▶ Task prompt: Print the listing in its entirety and exactly, leaving out images.
[[ Provided material open ]]
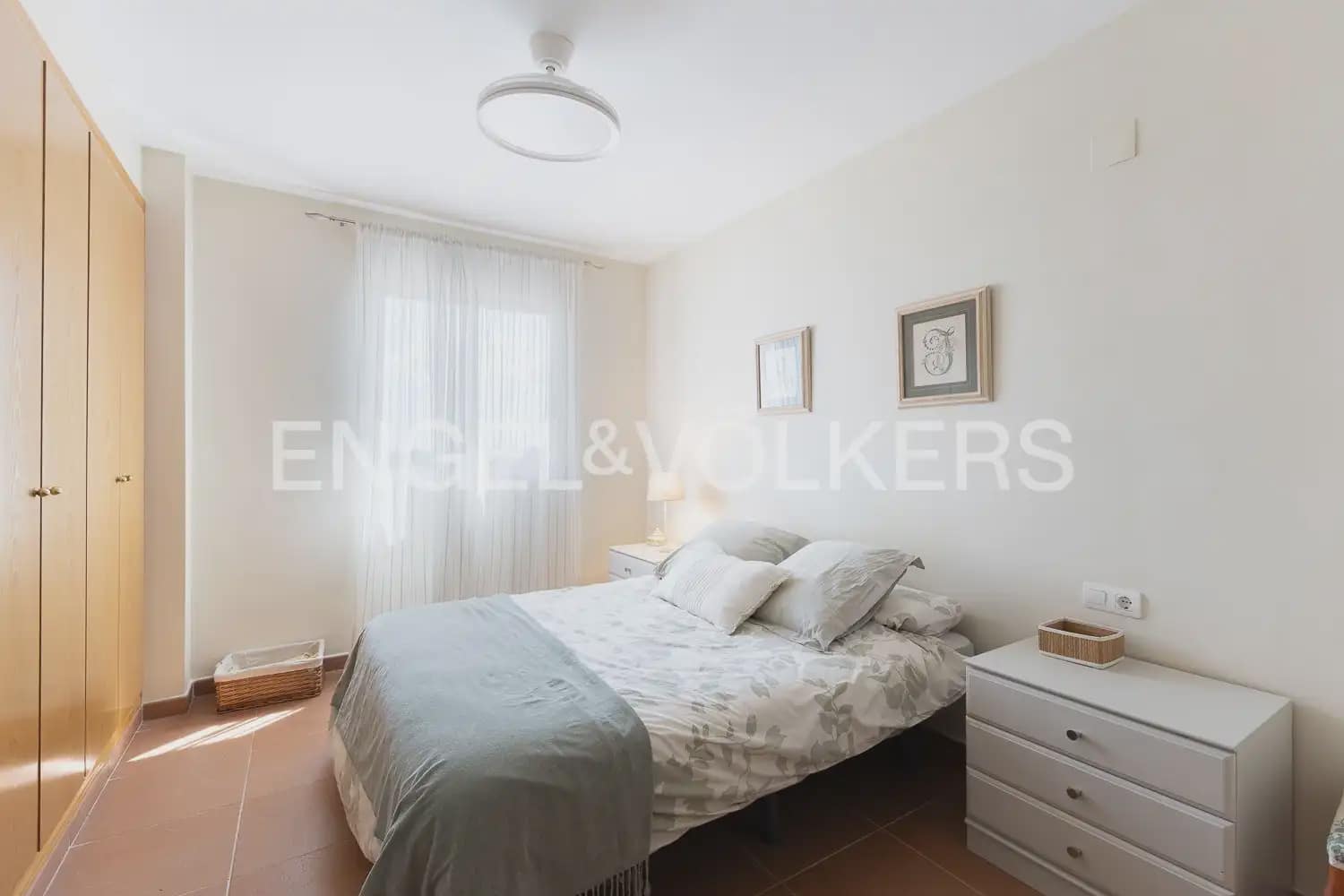 5 bedroom Townhouse for sale in Naquera with pool garage - € 350,000 (Ref: 9897965)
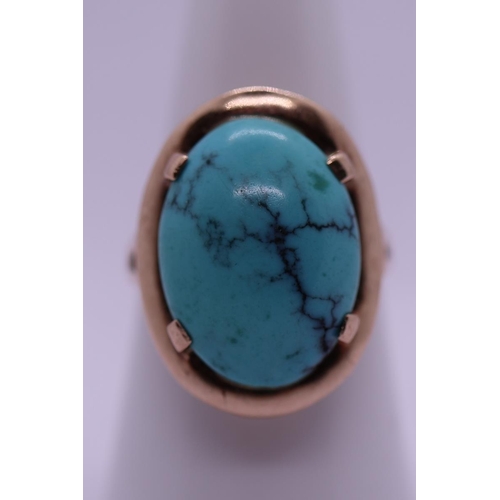 62 - 9ct gold turquoise stone set ring - Approx gross weight 5.5g - Size P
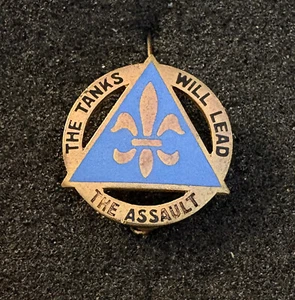 US Army 4th Tank Co PB Pinback NHM DUI DI Insignia Crest Pin - Picture 1 of 4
[[ Provided material closed ]]
▶ Answer to this task:
 5 bedroom Townhouse for sale in Naquera with pool garage - € 350,000 (Ref: 9897965)
 62 - 9ct gold turquoise stone set ring - Approx gross weight 5.5g - Size P
 US Army 4th Tank Co PB Pinback NHM DUI DI Insignia Crest Pin - Picture 1 of 4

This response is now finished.